Baked Cabbage.—Wash and quarter a small cabbage; put it on in plenty of boiling water, and let it boil furiously (uncovered) for twenty minutes. By doing this, and having a cup of vinegar on the stove at the same time, you do away with the disagreeable odor which usually accompanies the cooking of cabbage. Drain it when done, and chop it fine; add to it a tablespoonful of butter, one egg beaten light, a scant half cupful of milk, and pepper and salt to taste. Bake in a pudding dish to a good brown.

Cup Puddings.—One cup sugar, two tablespoonfuls butter, one cup milk, two eggs, two cups flour, two small teaspoonfuls baking-powder, one saltspoonful salt. Beat the yolks of the eggs light, and mix with the creamed butter and sugar; add the milk and the flour, mixed well with the salt and baking-powder; bake in small cups or deep patty-pans, and serve one to each person. Eat with either hard or liquid sauce.

4.
Corned-Beef Soup.
Stewed Rabbits.
Baked Corn. Fried Sweet Potatoes.
Plain Fruit Pudding.

Corned-Beef Soup.—Heat to boiling with a sliced onion three cups of the liquor in which a piece of corned-beef was boiled; just before it begins to bubble drop into it the freshly broken shell of an egg, boil up once, and strain. Put the cleared soup back on the fire, and when it boils again add to it two cups of milk in which have been dissolved two tablespoonfuls of flour; pour a little of this on a beaten egg, and return all to the fire for a minute before serving.

Baked Corn.—Two cups canned corn chopped fine, one egg, half-cupful milk, one tablespoonful butter, pepper and salt to taste. Beat the egg light, stir this and the milk into the corn, season, and bake in a buttered pudding dish until firm.

Plain Fruit Pudding.—One cup molasses, one cup milk, one and a half cups flour, quarter-cup seeded raisins, quarter-cup currants washed and dried, quarter-cup shredded citron, one cup suet, one saltspoonful salt, one small teaspoonful soda. Chop the suet into the flour, first mixing the latter with the salt and soda; add the milk and molasses, and beat thoroughly; dredge the fruit and stir it into the pudding; boil in a brown-bread mould two hours and a half. Serve hard sauce with it.

5.
Roast Duck.
Canned Green Pease. Boiled Potatoes.
Lettuce.
Crackers and Cheese.
Lemon Tarts.

Canned Green Pease.—Turn the pease from the can into a colander; pour over them several quarts of cold water, so as to rinse the pease thoroughly from the liquor in which they were canned; after this, pour as much boiling water over them, and set the colander over a pot of boiling water, covering the pease; let them steam there until heated through, dish, and put on them a couple of teaspoonfuls of butter, and pepper and salt to taste.

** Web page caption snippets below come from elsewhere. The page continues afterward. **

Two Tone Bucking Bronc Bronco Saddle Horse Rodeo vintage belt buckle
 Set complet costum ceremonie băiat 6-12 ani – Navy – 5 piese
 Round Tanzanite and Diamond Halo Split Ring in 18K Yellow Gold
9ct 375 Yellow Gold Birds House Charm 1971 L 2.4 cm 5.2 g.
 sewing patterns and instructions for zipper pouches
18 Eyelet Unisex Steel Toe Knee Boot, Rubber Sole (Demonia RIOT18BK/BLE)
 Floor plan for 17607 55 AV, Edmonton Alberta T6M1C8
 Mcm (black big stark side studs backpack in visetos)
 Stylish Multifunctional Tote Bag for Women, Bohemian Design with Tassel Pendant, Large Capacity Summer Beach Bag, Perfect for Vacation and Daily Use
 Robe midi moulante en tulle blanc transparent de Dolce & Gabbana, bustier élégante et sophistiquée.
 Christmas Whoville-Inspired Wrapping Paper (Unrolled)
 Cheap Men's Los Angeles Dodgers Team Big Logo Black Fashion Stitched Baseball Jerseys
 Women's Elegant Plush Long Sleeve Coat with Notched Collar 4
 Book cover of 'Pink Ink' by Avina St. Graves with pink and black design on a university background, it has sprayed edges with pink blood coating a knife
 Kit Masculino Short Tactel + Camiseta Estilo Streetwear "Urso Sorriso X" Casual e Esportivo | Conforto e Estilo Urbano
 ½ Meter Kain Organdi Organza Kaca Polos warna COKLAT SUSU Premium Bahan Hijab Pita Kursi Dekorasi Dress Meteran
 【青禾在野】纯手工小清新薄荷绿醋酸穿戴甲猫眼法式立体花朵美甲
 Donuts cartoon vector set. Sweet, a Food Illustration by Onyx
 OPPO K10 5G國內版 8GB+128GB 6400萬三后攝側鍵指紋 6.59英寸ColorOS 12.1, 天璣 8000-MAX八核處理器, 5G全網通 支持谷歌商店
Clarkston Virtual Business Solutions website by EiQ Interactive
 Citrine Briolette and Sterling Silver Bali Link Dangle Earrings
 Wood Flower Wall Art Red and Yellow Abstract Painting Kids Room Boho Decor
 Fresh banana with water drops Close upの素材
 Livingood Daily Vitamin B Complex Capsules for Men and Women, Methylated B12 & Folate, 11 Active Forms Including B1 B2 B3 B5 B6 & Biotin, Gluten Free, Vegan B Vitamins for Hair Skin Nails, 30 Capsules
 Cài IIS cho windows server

Lemon Tarts.—Line small patty-pans with a good puff paste, and fill them with the following mixture: Half-cup butter, one cup granulated sugar, three eggs, juice and grated rind of a lemon, two tablespoonfuls brandy, nutmeg to taste. Beat the yolks into the creamed butter and sugar; add the lemon, spice, brandy, and whites; bake in a steady oven, and eat when cold.